Wrestling News, Opinions, Etc., 03.27.07

Columns, News, Reviews, Shows, TV Shows

You just have to shake your head sometimes. Over the last decade, we’ve seen Tigger do everything, right? Well, he did something Sunday that no one will ever match, until Tim Finchem or his successors get another wild hair up their asses and change everything around. He three-peated two tournaments at the same time.

Yes, you read that right. He three-peated two tournaments at the same time. How is this possible? Well, this year, the entire format of the PGA Tour changed when the FedEx Cup was began. The nearest comparison to the FedEx Cup is NASCAR’s season-ending chase for the title.
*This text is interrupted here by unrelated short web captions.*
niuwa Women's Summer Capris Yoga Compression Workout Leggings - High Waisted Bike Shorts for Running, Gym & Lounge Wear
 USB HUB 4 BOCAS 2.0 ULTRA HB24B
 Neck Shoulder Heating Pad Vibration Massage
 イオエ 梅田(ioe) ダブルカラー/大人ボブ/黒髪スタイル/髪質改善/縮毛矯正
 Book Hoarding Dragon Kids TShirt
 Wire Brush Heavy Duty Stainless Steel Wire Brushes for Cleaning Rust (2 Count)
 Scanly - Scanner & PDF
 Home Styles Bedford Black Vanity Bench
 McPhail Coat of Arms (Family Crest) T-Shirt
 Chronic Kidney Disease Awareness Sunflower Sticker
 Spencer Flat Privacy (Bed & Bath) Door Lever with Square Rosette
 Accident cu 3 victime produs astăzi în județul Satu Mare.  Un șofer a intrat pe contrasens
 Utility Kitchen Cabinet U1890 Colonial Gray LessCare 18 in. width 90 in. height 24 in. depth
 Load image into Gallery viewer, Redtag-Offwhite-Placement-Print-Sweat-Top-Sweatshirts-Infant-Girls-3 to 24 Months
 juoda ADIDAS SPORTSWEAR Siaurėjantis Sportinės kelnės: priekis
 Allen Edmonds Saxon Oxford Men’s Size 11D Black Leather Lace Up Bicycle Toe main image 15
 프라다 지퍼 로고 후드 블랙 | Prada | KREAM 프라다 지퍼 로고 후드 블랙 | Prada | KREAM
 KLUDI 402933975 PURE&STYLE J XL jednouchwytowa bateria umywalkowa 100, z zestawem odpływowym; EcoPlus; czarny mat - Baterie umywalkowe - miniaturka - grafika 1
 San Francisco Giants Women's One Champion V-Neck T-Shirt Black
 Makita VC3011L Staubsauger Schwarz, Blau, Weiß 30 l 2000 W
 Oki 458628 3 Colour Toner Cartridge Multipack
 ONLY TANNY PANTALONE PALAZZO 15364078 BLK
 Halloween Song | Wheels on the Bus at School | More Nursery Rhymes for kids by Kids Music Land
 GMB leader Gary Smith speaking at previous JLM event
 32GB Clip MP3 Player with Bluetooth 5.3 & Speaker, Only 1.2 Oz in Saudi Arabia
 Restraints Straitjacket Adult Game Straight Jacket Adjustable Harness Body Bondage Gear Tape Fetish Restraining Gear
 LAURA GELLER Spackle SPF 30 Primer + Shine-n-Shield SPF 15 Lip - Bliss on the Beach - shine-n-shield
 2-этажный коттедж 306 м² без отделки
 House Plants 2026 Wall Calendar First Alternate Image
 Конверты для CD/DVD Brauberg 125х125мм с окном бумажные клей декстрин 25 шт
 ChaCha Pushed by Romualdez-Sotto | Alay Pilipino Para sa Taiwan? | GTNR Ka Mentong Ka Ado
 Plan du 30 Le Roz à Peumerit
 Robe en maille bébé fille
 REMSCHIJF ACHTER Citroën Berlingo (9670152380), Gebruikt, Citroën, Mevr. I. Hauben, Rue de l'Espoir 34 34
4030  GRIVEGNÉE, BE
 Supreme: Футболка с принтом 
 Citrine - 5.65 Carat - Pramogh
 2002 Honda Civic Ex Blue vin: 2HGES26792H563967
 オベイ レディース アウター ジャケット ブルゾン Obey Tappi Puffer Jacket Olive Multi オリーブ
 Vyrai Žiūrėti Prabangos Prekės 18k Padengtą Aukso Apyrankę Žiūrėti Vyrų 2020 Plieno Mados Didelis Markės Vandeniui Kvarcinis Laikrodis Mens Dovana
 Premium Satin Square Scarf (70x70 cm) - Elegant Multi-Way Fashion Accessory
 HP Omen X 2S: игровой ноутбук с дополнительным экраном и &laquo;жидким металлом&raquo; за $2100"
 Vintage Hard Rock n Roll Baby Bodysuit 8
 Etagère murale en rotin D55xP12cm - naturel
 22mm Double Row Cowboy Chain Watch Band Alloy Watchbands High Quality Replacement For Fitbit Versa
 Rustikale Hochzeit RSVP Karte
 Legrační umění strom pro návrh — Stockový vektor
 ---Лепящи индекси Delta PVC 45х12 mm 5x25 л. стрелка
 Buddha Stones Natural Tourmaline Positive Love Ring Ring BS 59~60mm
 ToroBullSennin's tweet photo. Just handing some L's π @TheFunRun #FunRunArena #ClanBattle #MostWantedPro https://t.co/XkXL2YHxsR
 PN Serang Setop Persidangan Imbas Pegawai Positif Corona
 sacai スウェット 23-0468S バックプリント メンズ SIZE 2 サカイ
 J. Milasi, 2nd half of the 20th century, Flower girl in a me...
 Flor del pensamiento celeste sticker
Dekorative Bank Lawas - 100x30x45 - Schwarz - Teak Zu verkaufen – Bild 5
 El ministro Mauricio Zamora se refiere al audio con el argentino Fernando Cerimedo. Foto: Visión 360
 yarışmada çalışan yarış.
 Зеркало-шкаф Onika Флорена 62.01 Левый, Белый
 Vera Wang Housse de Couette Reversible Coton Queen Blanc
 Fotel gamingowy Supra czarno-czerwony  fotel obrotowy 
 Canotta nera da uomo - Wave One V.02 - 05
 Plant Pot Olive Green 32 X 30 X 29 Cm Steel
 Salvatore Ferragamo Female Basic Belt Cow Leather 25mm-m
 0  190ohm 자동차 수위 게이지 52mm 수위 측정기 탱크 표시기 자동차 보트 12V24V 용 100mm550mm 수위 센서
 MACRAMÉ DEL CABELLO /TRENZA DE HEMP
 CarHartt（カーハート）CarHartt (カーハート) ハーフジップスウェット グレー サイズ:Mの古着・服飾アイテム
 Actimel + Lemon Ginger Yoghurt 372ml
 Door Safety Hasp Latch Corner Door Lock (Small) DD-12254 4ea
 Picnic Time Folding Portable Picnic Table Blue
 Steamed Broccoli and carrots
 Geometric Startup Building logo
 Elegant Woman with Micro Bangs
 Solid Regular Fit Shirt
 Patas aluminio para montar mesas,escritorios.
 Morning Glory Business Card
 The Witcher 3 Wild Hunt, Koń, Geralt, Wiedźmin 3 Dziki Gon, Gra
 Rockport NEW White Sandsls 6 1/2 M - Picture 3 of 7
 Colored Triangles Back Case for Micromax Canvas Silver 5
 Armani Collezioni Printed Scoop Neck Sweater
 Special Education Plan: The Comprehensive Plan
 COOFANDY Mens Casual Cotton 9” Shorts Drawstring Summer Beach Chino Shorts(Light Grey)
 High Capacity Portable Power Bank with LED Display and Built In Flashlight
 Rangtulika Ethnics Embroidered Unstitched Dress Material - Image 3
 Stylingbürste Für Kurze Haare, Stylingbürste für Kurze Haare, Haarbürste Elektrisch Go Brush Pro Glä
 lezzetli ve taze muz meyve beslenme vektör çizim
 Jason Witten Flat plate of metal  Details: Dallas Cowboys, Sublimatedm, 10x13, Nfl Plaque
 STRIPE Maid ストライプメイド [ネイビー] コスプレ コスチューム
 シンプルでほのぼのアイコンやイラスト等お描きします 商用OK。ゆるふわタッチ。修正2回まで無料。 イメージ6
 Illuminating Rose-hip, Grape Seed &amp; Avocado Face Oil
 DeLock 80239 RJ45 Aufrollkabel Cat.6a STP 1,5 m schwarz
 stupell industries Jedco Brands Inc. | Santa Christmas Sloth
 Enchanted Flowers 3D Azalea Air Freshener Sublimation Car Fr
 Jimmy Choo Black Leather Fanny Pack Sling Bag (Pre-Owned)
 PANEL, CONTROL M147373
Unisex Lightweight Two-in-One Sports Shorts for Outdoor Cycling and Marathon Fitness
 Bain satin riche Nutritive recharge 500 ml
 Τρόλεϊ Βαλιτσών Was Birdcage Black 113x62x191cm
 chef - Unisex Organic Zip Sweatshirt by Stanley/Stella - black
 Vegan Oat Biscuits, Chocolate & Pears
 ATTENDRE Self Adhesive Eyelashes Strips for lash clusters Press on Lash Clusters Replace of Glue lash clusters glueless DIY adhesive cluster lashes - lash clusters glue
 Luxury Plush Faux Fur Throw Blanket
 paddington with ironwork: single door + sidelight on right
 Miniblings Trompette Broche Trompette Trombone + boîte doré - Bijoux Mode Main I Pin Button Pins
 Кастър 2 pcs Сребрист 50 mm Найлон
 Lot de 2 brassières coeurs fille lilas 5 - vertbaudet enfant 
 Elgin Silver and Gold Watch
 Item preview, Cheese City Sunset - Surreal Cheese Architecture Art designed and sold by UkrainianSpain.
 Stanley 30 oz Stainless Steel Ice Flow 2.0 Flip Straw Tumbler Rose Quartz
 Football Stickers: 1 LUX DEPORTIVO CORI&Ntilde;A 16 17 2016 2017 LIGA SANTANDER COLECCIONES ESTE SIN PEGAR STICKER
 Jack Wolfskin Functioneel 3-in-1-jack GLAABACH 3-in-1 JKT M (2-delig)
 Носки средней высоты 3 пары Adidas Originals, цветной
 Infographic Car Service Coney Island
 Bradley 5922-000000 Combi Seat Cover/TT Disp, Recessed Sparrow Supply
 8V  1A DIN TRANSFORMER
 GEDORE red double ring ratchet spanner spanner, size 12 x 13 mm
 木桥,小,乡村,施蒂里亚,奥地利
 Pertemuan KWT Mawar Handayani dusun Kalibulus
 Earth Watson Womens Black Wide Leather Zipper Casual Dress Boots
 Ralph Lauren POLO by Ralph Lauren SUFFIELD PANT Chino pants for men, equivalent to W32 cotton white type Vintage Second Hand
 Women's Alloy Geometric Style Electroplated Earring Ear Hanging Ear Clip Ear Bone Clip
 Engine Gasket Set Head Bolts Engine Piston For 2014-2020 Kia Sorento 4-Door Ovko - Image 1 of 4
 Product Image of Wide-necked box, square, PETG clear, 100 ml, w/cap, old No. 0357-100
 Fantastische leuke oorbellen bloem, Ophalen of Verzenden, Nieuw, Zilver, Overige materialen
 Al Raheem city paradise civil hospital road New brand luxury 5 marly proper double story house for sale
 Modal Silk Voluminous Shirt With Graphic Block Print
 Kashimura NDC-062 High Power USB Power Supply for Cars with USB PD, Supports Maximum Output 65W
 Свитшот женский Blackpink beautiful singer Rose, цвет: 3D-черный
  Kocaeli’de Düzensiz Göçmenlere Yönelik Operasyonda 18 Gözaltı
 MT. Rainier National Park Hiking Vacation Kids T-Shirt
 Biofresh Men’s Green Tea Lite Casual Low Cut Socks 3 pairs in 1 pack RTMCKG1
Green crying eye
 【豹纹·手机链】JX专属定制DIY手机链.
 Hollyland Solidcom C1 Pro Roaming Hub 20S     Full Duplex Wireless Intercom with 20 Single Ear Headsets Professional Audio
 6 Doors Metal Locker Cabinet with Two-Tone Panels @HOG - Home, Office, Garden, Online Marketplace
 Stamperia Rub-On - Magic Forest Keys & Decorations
Players build up points all year, and the points winner gets a big bonus. This has meant a realignment of tournaments to get the biggest tournaments (and thus the biggest names) in the hunt for the cup. It led to the death of the International, for instance, and the renaming and moving around of the Western Open (something I will remain very, very bitter about until such time as it’s back at Cog Hill permanently). One of the tournaments affected was the Amex, a World Golf Championship event. The WGCs are the official second-tier events, just below the majors and of near-equal standing with the Players’ (which was moved from March to May because of the FedEx Cup and the desire to put a big tournament in between the Masters and the US Open). It was renamed the CA Championship for its new sponsor and moved from September to March. This year, and for the next three years after, it will be played at the Blue Monster instead of being a roving site.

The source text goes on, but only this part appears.